### RECORDED INFORMATION

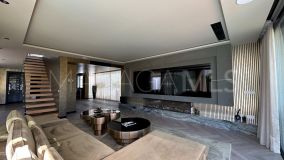 Villa en venta en El Campanario, Estepona Este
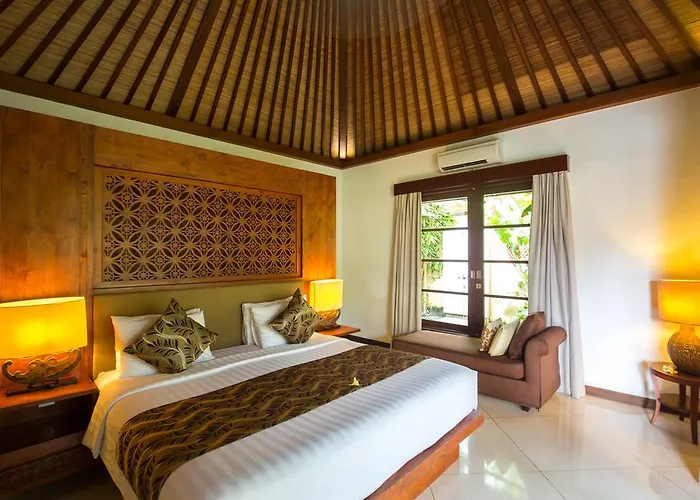 Villa Seriska Satu Sanur,a Luxury 4-bedroom Villa, 5 Mins Walk To Icon Mall, & 24hrs Security Sanur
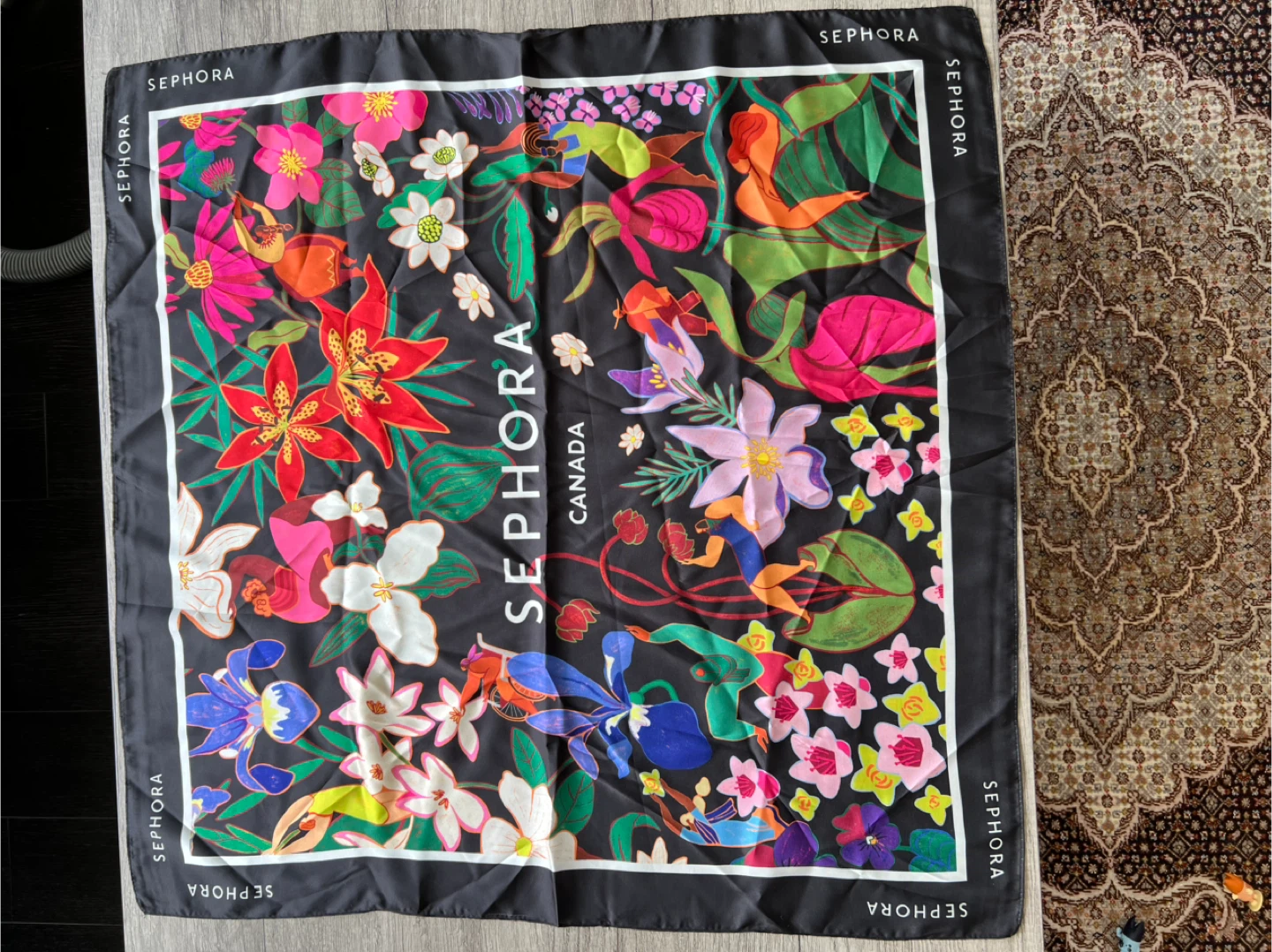 Sephora Canada Tote and Floral Silk Scarf - photo 3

######

Please print the data above once more, exactly as it appears, with no pictures.

 Villa en venta en El Campanario, Estepona Este
 Villa Seriska Satu Sanur,a Luxury 4-bedroom Villa, 5 Mins Walk To Icon Mall, & 24hrs Security Sanur
 Sephora Canada Tote and Floral Silk Scarf - photo 3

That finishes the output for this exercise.